January to April. Elective courses introduce students to modern topics and cover cutting-edge research topics from various specialized subfields. Students take at least six courses. The total number of elective courses changes each year, and is generally between twelve and fifteen. Each course is five weeks long. The following are the descriptions of elective courses from recent years. Note that the courses and their topics are subject to change and may not fully reflect the content of the upcoming year.

Recent courses and topics include:

Condensed Matter

Spontaneous symmetry breaking of continuous symmetries. Goldstone modes. Nonlinear sigma model. 2+epsilon and large-N expansion. 2D melting. Hexatic phase. Quantum spin chains. Bosonization. Luttinger liquid. Fermi liquid. Cooper instability. Shankar-Polchinski RG. BCS superconductivity.

Quantum Foundations

The problem with the "textbook interpretation" of quantum mechanics. Operationalism vs. realism. The quantum measurement problem and a classification of research programs in terms of their proposed solution to it. Formulating quantum theory as an operational theory: density operators, positive operator-valued measures, completely positive trace-preserving maps, purification, Naimark extension, Stinespring dilation.

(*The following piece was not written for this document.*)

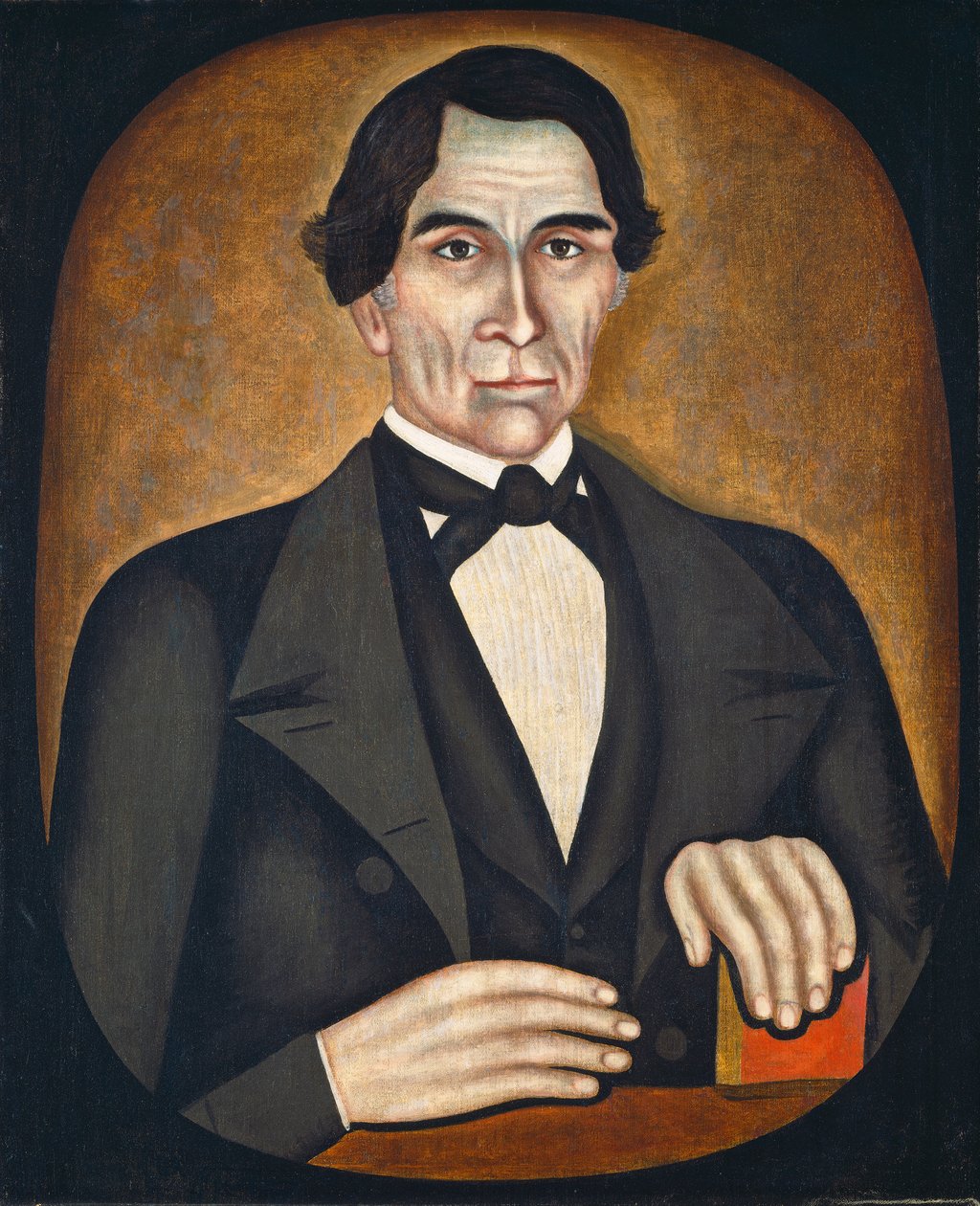 Porträtt av en man, ca 1845 (olja på duk) av Thomas Skynner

Operational axiomatizations of quantum theory. Hidden variable models and the distinction between psi-ontic and psi-epistemic models. Hidden variable models based on an epistemic restriction. Bell’s theorem and locality. The Kochen-Specker theorem and noncontextuality. The deBroglie-Bohm interpretation. Dynamical Collapse Theories. The Everett Interpretation.

Gravitational Physics

The main objective of this course is to discuss some advanced topics in gravitational physics and its applications to high energy physics. Necessary mathematical tools will be introduced on the way.

Quantum Information

Formulating quantum theory as an operational theory. Reversible computation. Quantum gates. Complexity. Algorithms. Error correction. Cryptography and information theory.

Cosmology

FRW universe. Dark energy. Cosmic Microwave Background. Big Bang Nucleosynthesis. Dark Matter. LCDM cosmology. Inflation. Primordial perturbations. QFT in curved space background.

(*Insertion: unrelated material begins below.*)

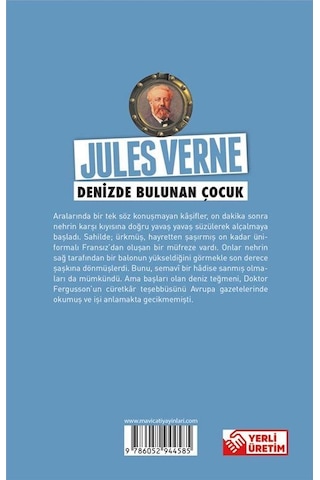 Denizde Bulunan Çocuk-Jules Verne Serisi - Jules Verne - Mavi Çatı Yayınları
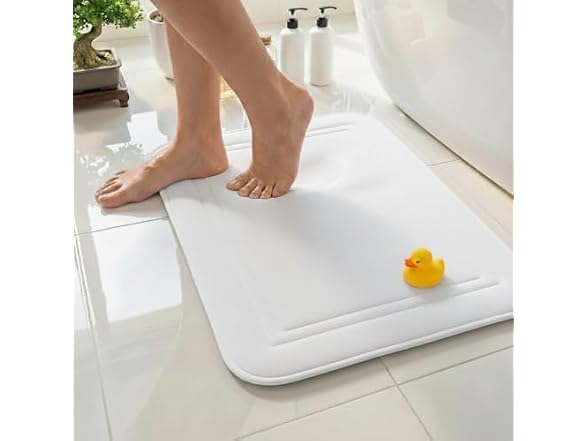 ITSOFT Memory Foam Bath Mat 24x16, Non Slip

Machine Learning for Many Body Physics

This course is designed to introduce machine learning techniques for studying classical and quantum many-body problems encountered in quantum matter, quantum information, and related fields of physics. Lectures will emphasize relationships between statistical physics and machine learning. Tutorials and homework assignments will focus on developing programming skills for machine learning using Python. Students will be introduced to topics such as training techniques for supervised learning, feedforward neural networks, convolutional neural networks, unsupervised learning for data visualization and clustering, and research frontiers at the intersection of physics and machine learning. generative modelling.

Quantum Fields and Strings

Conformal field theory. Anomalies. Introduction to string theory.

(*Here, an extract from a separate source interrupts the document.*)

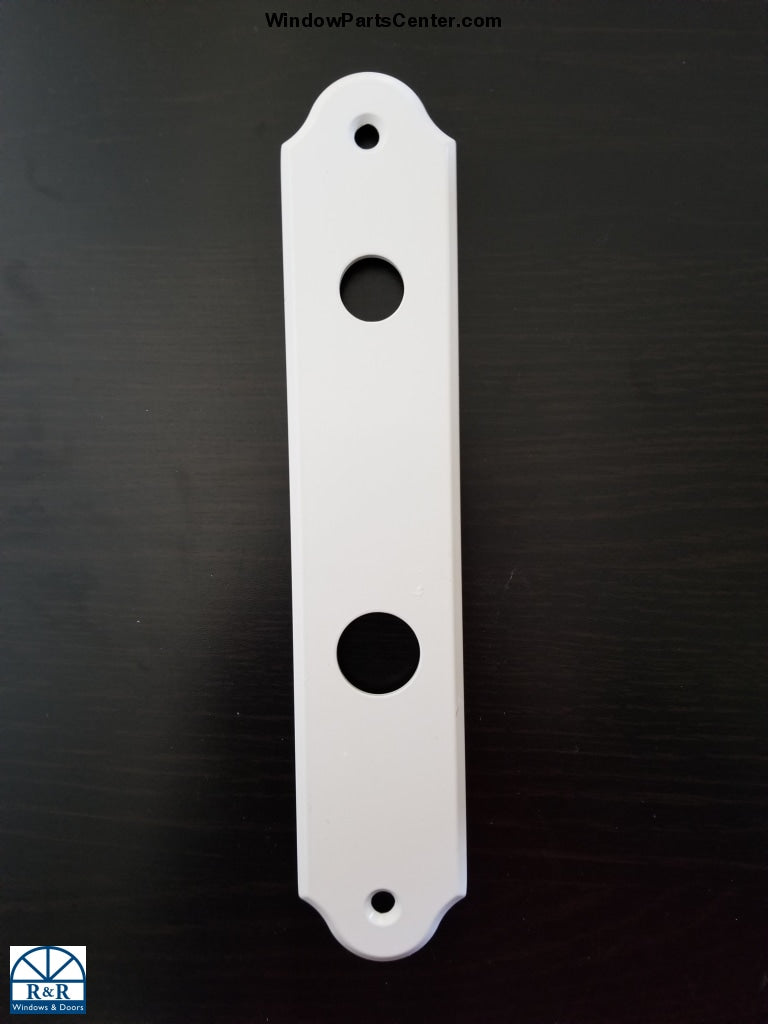 840-012- Amesbury Truth Gu Faceplate - Swinging Patio Door Hurd White Handle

Relativistic Quantum Information (RQI)

What is RQI? Research topics in RQI. Measuring quantum fields; The measurement problem and relativity. What is a particle detector? The light-matter interaction form first principles. Unruh-DeWitt detectors; practical quantum information on QFTs. Relativity, covariance and quantum optics; A critical view on the single-mode and rotating wave approximations. Measuring vacuum fluctuations. Non-inertial particle detectors and qubits in curved spacetimes. The Unruh effect: Original derivation with quantum information perspective. Thermality. Gibbs vs KMS. When Gibbs is not enough: The KMS condition in QFT. Thermalization of accelerated particle detectors: The Unruh effect, modern derivation. Entanglement structure of a QFT. Introduction to entanglement harvesting from the vacuum. Quantum Energy Teleportation and violation of energy conditions.

Chern-Simons

Review of differential forms and a very brief discussion of cohomology. Review of gauge fields, gauge invariance, field strength, and Wilson lines. The Chern-Simons Lagrangian. Gauge invariance and quantization of the level. Wilson lines and their topological invariance. Knot invariants from Wilson lines. Jones polynomial, and the relation between Wilson lines and the Jones polynomial. The phase space and the Hilbert space on a Riemann surface. Braid group actions on the Hilbert space in the presence of Wilson lines, and the Knizhnik-Zamolodchikov equation.

Quantum Gravity

Canonical formulation of constrained systems. The Dirac program. First order formalism of gravity. Loop Quantum Gravity. Spinfoam models. Discussions with invited speakers on: Space and Time in Quantum Gravity, Loop Quantum Cosmology, Black Holes, Other approaches of Quantum Gravity, Numerical methods in Spinfoam models, Research at PI.

Standard Model

Standard model particle content and Lagrangian with application of Yang-Mills theory. Spontaneous symmetry breaking Standard model effective theory. Right handed neutrino. Application to particle physics: Feynman rules for the standard model.